▸ **Prompt**
Quote exactly and only this range of lines in the data below: the line that holds "Set 6 Capete" to the line that holds "The doctor calls", both included.

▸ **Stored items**
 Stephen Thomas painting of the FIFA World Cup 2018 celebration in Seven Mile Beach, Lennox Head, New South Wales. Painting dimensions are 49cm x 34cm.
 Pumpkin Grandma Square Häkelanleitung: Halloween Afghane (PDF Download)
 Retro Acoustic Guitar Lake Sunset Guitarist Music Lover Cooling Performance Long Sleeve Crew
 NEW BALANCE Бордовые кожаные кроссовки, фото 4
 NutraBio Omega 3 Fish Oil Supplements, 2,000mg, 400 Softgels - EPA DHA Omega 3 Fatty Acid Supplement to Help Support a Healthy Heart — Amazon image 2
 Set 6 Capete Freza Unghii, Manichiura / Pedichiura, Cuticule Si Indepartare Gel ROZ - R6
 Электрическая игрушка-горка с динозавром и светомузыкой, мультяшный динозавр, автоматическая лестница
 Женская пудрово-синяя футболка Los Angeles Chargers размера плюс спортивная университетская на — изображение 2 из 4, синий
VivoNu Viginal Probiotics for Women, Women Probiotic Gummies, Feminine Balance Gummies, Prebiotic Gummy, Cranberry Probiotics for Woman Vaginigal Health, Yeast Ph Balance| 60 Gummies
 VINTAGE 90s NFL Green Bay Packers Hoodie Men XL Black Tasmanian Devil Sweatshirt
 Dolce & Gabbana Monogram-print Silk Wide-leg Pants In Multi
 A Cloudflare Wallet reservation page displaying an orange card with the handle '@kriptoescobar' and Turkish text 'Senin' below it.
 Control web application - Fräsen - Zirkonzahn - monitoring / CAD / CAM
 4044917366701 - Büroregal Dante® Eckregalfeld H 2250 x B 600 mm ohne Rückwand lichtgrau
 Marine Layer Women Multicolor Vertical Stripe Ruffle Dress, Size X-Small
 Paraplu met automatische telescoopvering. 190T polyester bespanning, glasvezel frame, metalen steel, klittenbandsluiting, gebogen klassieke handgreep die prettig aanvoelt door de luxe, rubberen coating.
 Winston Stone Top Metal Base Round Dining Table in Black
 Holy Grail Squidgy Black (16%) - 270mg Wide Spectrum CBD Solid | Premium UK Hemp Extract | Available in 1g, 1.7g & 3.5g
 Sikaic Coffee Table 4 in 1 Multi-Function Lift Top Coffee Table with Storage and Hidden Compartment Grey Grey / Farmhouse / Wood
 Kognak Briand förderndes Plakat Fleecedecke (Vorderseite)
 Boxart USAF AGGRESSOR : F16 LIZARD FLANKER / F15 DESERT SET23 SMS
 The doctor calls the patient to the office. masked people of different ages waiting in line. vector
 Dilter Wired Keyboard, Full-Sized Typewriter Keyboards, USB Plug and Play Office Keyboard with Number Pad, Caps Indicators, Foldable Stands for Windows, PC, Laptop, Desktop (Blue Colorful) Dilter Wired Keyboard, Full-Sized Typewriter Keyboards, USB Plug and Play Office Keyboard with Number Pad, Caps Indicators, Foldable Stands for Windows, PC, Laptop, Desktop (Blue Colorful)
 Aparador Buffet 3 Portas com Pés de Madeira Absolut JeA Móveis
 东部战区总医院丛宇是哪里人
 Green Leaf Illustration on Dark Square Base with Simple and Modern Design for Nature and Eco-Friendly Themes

▸ **Written solution**
 Set 6 Capete Freza Unghii, Manichiura / Pedichiura, Cuticule Si Indepartare Gel ROZ - R6
 Электрическая игрушка-горка с динозавром и светомузыкой, мультяшный динозавр, автоматическая лестница
 Женская пудрово-синяя футболка Los Angeles Chargers размера плюс спортивная университетская на — изображение 2 из 4, синий
VivoNu Viginal Probiotics for Women, Women Probiotic Gummies, Feminine Balance Gummies, Prebiotic Gummy, Cranberry Probiotics for Woman Vaginigal Health, Yeast Ph Balance| 60 Gummies
 VINTAGE 90s NFL Green Bay Packers Hoodie Men XL Black Tasmanian Devil Sweatshirt
 Dolce & Gabbana Monogram-print Silk Wide-leg Pants In Multi
 A Cloudflare Wallet reservation page displaying an orange card with the handle '@kriptoescobar' and Turkish text 'Senin' below it.
 Control web application - Fräsen - Zirkonzahn - monitoring / CAD / CAM
 4044917366701 - Büroregal Dante® Eckregalfeld H 2250 x B 600 mm ohne Rückwand lichtgrau
 Marine Layer Women Multicolor Vertical Stripe Ruffle Dress, Size X-Small
 Paraplu met automatische telescoopvering. 190T polyester bespanning, glasvezel frame, metalen steel, klittenbandsluiting, gebogen klassieke handgreep die prettig aanvoelt door de luxe, rubberen coating.
 Winston Stone Top Metal Base Round Dining Table in Black
 Holy Grail Squidgy Black (16%) - 270mg Wide Spectrum CBD Solid | Premium UK Hemp Extract | Available in 1g, 1.7g & 3.5g
 Sikaic Coffee Table 4 in 1 Multi-Function Lift Top Coffee Table with Storage and Hidden Compartment Grey Grey / Farmhouse / Wood
 Kognak Briand förderndes Plakat Fleecedecke (Vorderseite)
 Boxart USAF AGGRESSOR : F16 LIZARD FLANKER / F15 DESERT SET23 SMS
 The doctor calls the patient to the office. masked people of different ages waiting in line. vector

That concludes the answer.